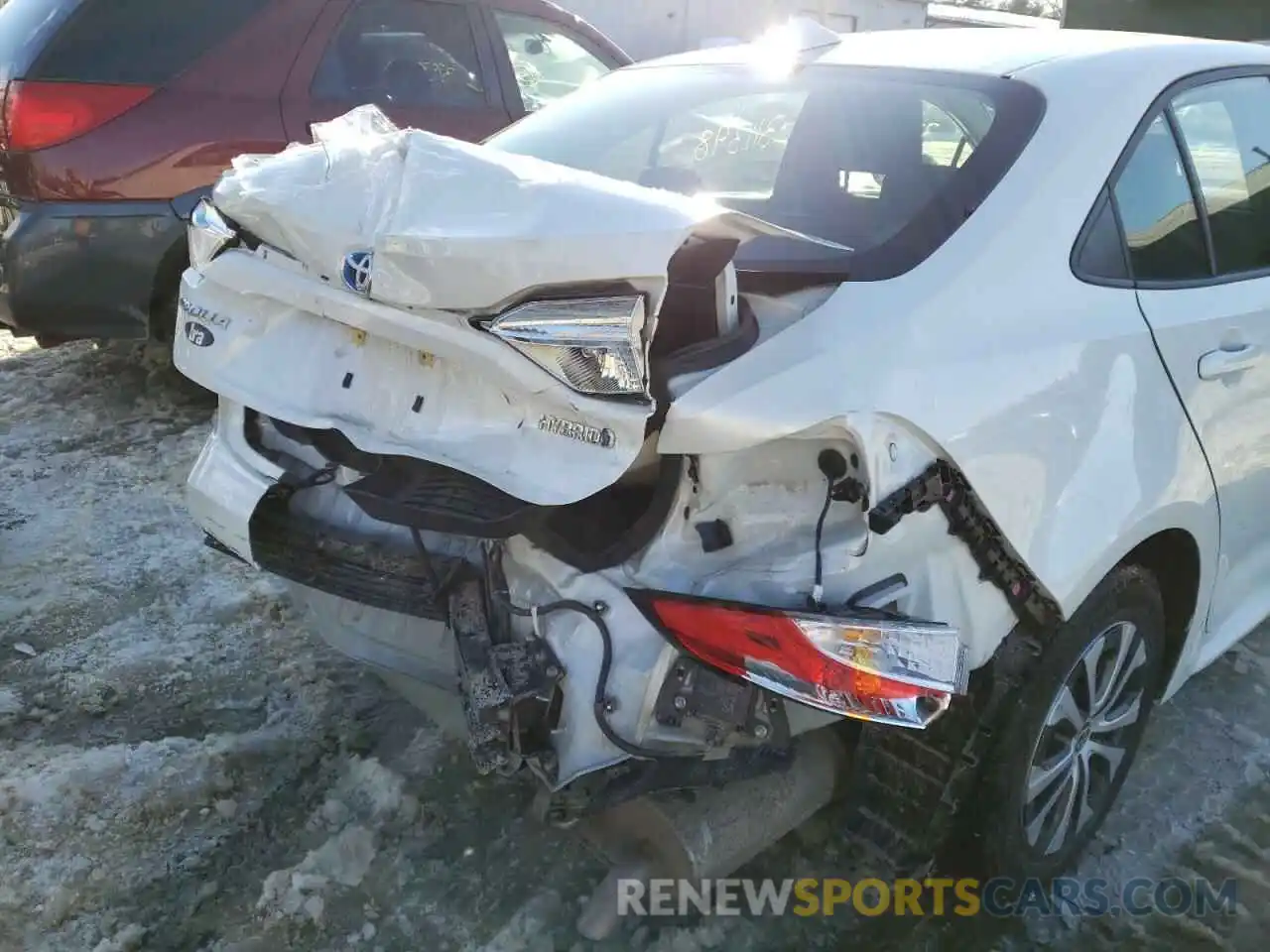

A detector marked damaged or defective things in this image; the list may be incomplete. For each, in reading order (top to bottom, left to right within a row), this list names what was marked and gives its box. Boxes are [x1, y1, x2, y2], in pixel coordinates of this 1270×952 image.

crumpled trunk lid [184, 107, 823, 510]
broken taillight housing [629, 594, 964, 736]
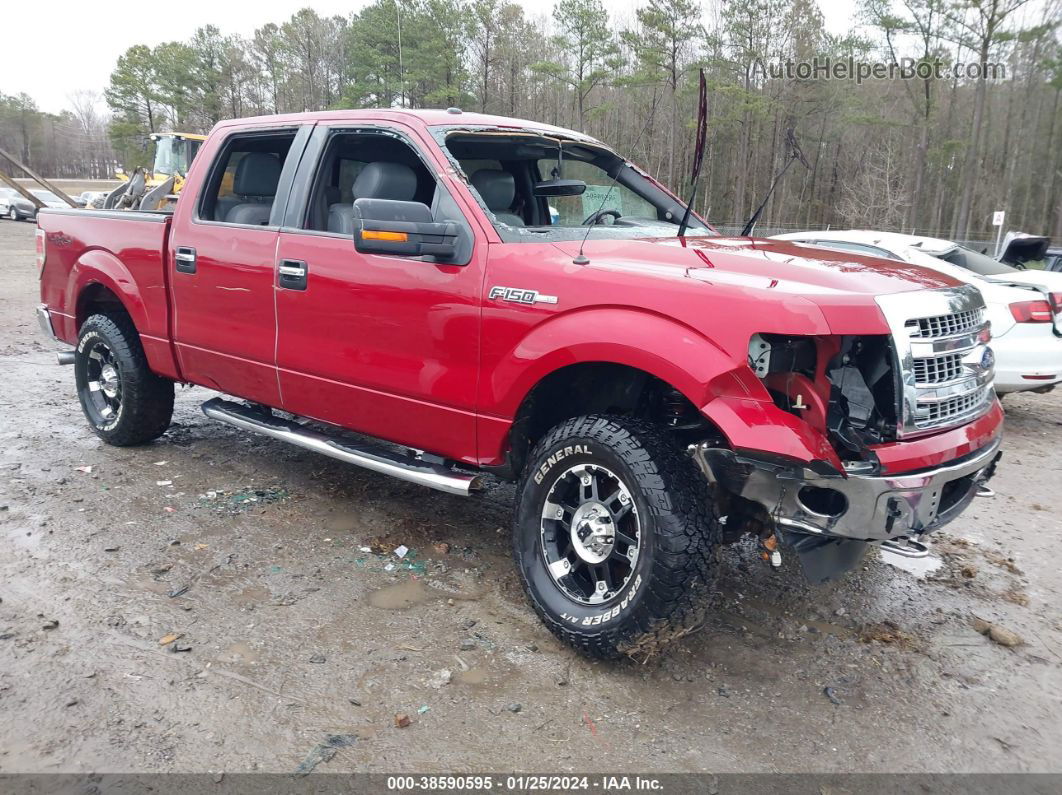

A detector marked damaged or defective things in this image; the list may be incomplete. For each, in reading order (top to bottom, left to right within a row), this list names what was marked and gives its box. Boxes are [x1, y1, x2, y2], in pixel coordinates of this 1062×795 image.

damaged front end [692, 284, 998, 581]
broken bumper piece [692, 435, 998, 547]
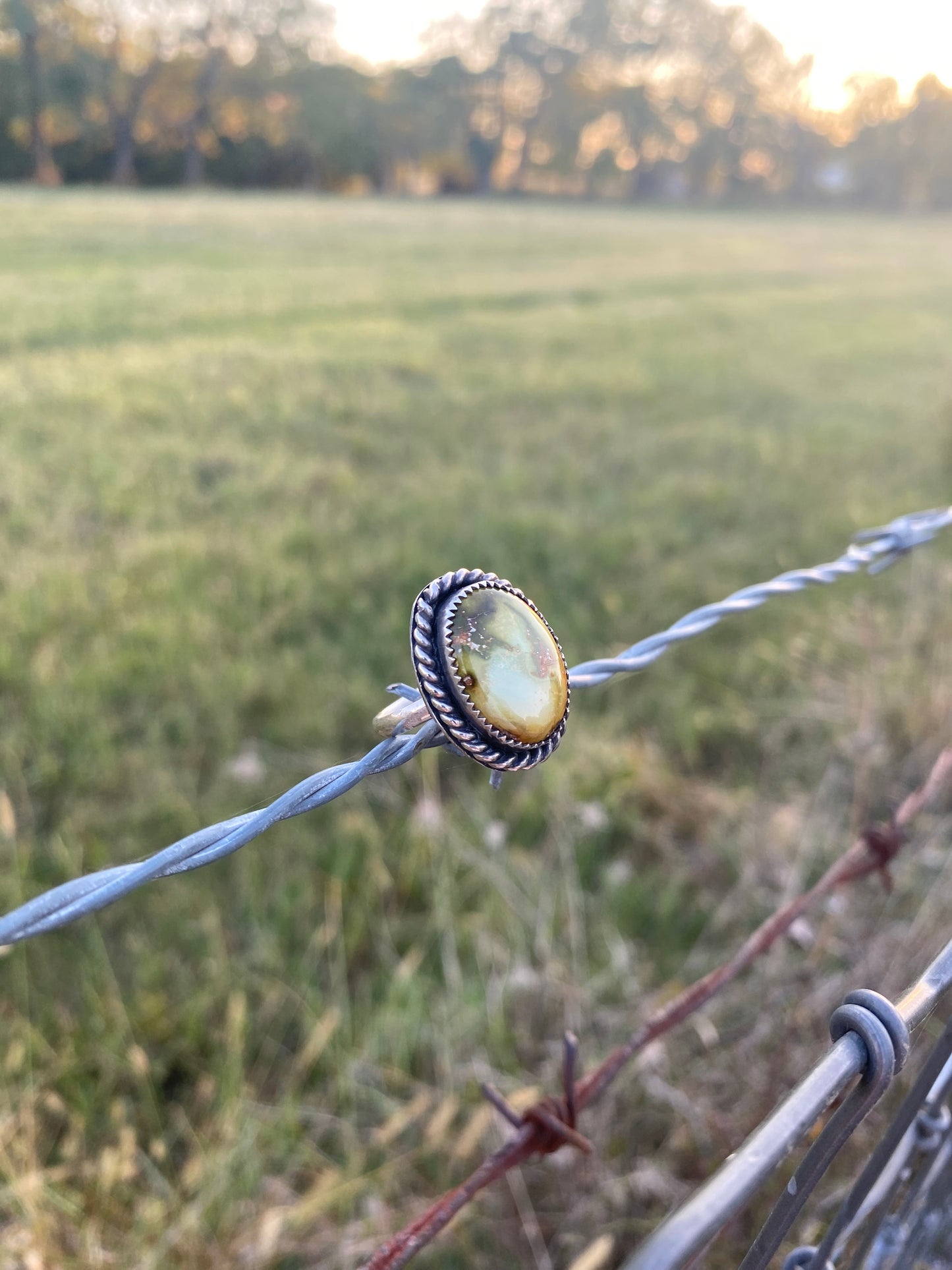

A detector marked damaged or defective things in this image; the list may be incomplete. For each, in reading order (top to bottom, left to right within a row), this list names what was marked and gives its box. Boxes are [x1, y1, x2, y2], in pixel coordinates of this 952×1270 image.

rusty barbed wire [0, 500, 949, 950]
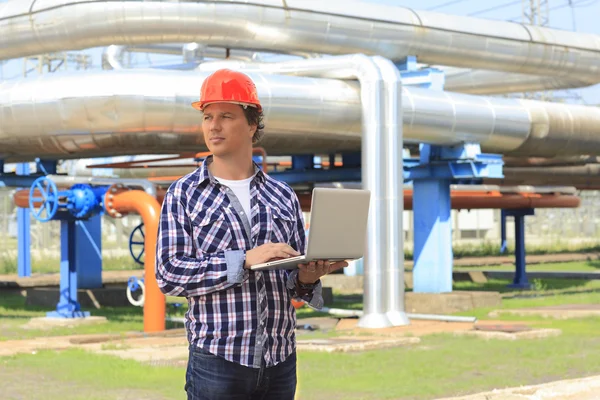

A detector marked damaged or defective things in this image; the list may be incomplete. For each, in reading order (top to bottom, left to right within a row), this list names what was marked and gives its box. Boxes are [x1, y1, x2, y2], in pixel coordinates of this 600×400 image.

rusty pipe section [103, 186, 164, 332]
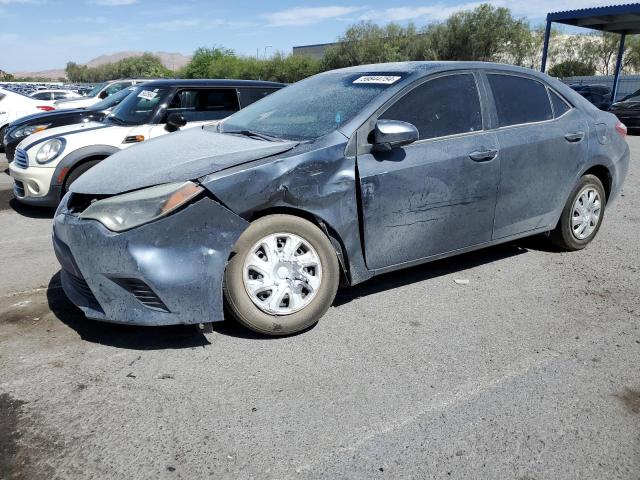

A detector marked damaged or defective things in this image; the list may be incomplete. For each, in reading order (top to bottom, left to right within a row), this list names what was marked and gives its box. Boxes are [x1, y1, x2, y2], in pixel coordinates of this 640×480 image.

damaged front end [53, 188, 248, 326]
crumpled front bumper [52, 195, 249, 326]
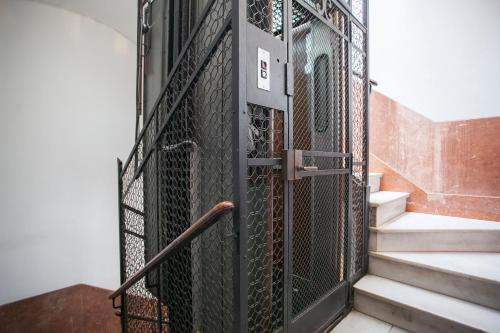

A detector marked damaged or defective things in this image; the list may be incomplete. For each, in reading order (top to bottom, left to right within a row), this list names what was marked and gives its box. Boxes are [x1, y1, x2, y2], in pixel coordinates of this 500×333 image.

———

#### YOUR GOAL:
Write out an exact reproduction of the lines from the line that holds "this 1062×795 image." to the bottom of the listing above, both ends included. Exclude pictures.

#### SOLUTION FOR THIS PROBLEM:
A detector marked damaged or defective things in this image; the list may be incomplete. For each, in reading order (top to bottom, left to right within a row), this list names what was marked and gives its box. Boxes are [x1, y1, x2, y2], in pixel coordinates of this 1062×795 image.

damaged front end [692, 284, 998, 581]
broken bumper piece [692, 435, 998, 547]

A detector marked damaged or defective things in this image; the list may be incomplete. For each, in reading order (top to bottom, left to right within a row), this list names what was marked and gives its box. Boxes are [x1, y1, x2, y2], in pixel coordinates of this 952×1270 image.

rusty barbed wire [0, 500, 949, 950]

A detector marked damaged or defective things in this image; the list may be incomplete. For each, in reading order (top to bottom, left to right within a row), this list names what was marked and gives its box. Boxes are [x1, y1, x2, y2], in pixel coordinates of this 600×400 image.

rusty pipe section [103, 186, 164, 332]

A detector marked damaged or defective things in this image; the list may be incomplete. For each, in reading order (top to bottom, left to right within a row), this list names what was marked and gives its box. Boxes are [x1, y1, x2, y2], in pixel coordinates of this 640×480 image.

damaged front end [53, 188, 248, 326]
crumpled front bumper [52, 195, 249, 326]

A detector marked damaged or defective things in this image; the list may be incomplete. For each, in reading order (top to bottom, left to right within a row), this list names what was marked and gives its box. Boxes are [x1, y1, x2, y2], in pixel coordinates of this 500×333 image.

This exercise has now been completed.